If the access is in true RAM, then we can always realign the data; and I don't know of memory-mapped registers which would be unaligned wrt their width. If some USB controller is designed so, then the fix should only and explicitly affect that controller, because we don't know it it will always be used with an ARM implementation that can do unaligned accesses.

...

I think this issue was discussed before here(I haven't gone through all the details of your problem, but it looks similar). And I think Tom fixed this by wrapping the problematic accesses with get/set_unaligned().

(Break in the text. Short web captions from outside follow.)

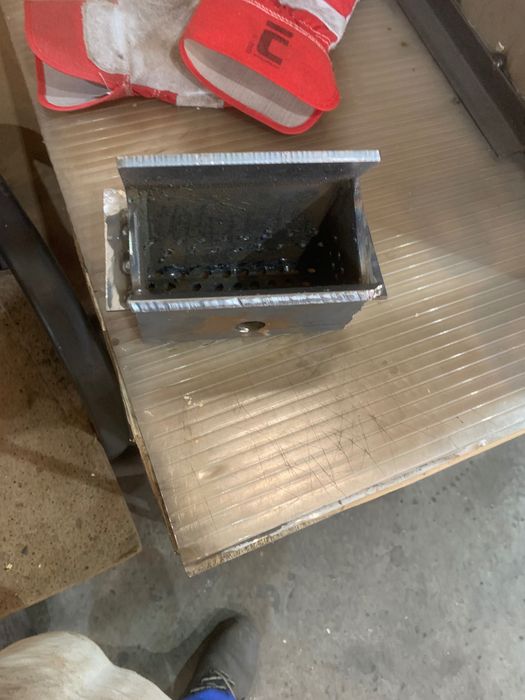 Grătare din tablă de 6 mm super preț!!!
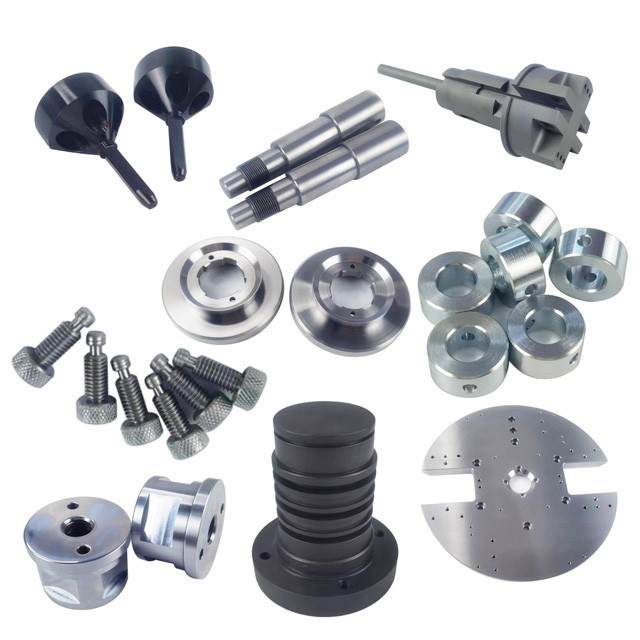 Medical Parts Created with CNC Precision Machining Customized Color and Tolerance of 0.01-0.005mm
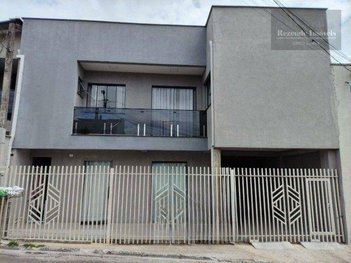 house em Rua Oscar Arthur Bach, Cidade Industrial - Curitiba - PR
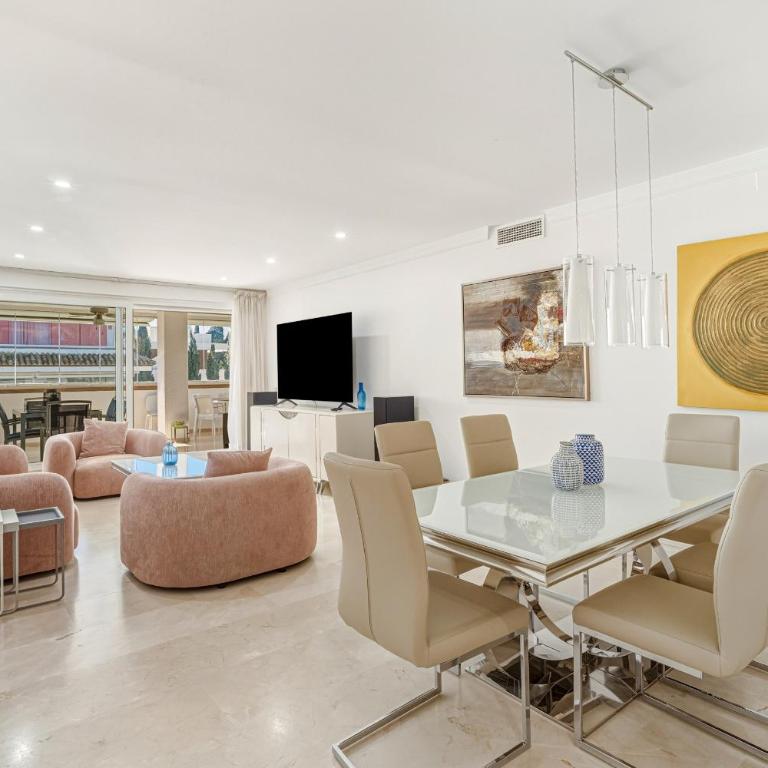 Las Cañas Beach - Marbella Golden Mile by Finest Rentals - Apartamento con terraza - 2
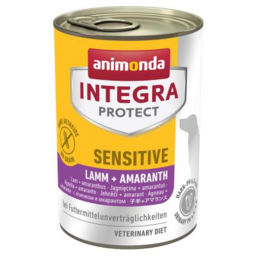 Animonda Integra Protect Sensitive ბატკანი და ამარანტი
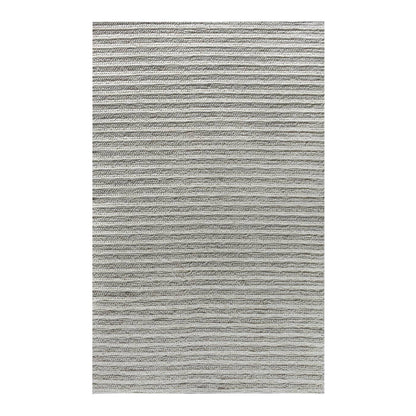 Area Rug, Bedroom Rug, Living Room Rug, Living Area Rug, Indian Rug, Office Carpet, Office Rug, Shop Rug Online, Natural White, Wool, Hand Woven, Pitloom, All Loop, Textured 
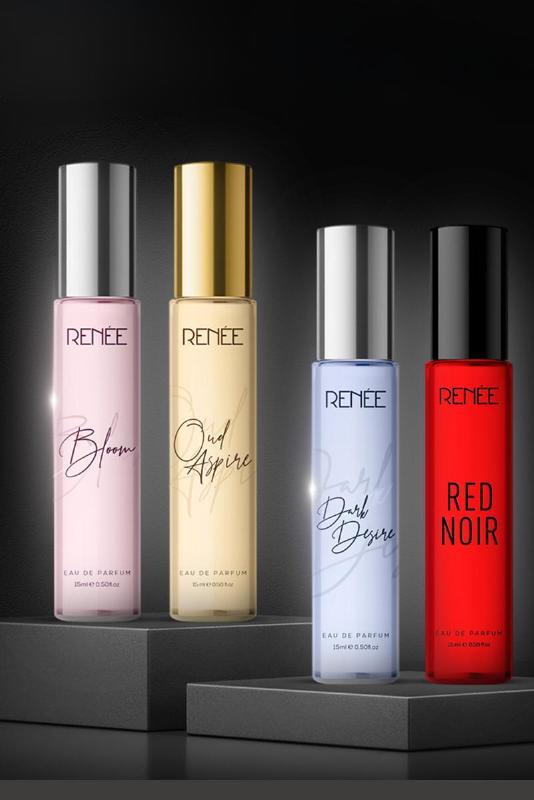 Renee Eau De Parfum Combo Of 4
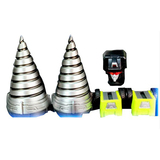 おもちゃ &nbsp;JINBAO社 Devastator グリーンバージョン アップグレードキット [本体無し]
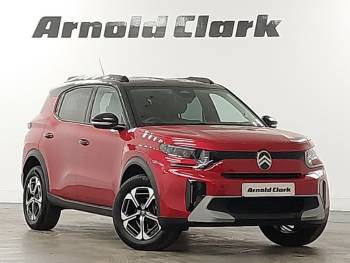 2025 (75) Citroen C3 Aircross 1.2 Turbo Plus 5dr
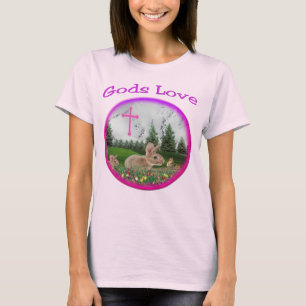 gods Love T-Shirt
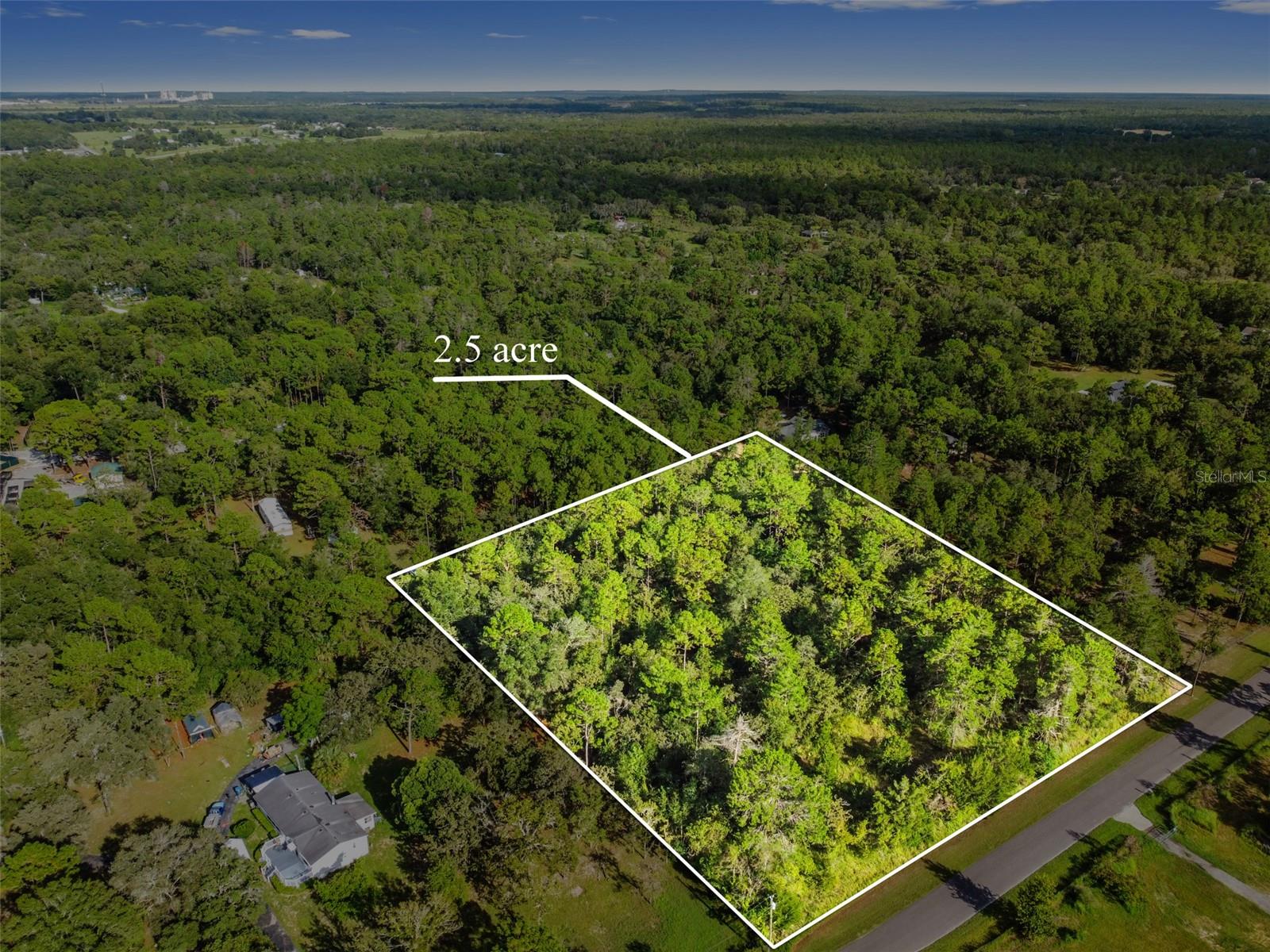 Details for Salome Street, BROOKSVILLE, FL 34614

Could be a solution if the structures themselves cannot be fixed.

...

Please look at this thread, especially starting from my post reporting the OMAP4 regression: http://thread.gmane.org/gmane.comp.boot-loaders.u-boot/113347/

Thanks for the reference. There seems to have been no confirmation that the structures involved needed packing in the first place, and my general opinion on packing structures is "DO NOT" -- if packing a structure has an effect, it can alway be to de-align some field, which barely makes sense as far as HW prgramming is concerned (I can only see some point in packing a struct when you deal with network layer 7 data in very special cases).

BTW, I agree that enabling un-aligned access is not a bad idea.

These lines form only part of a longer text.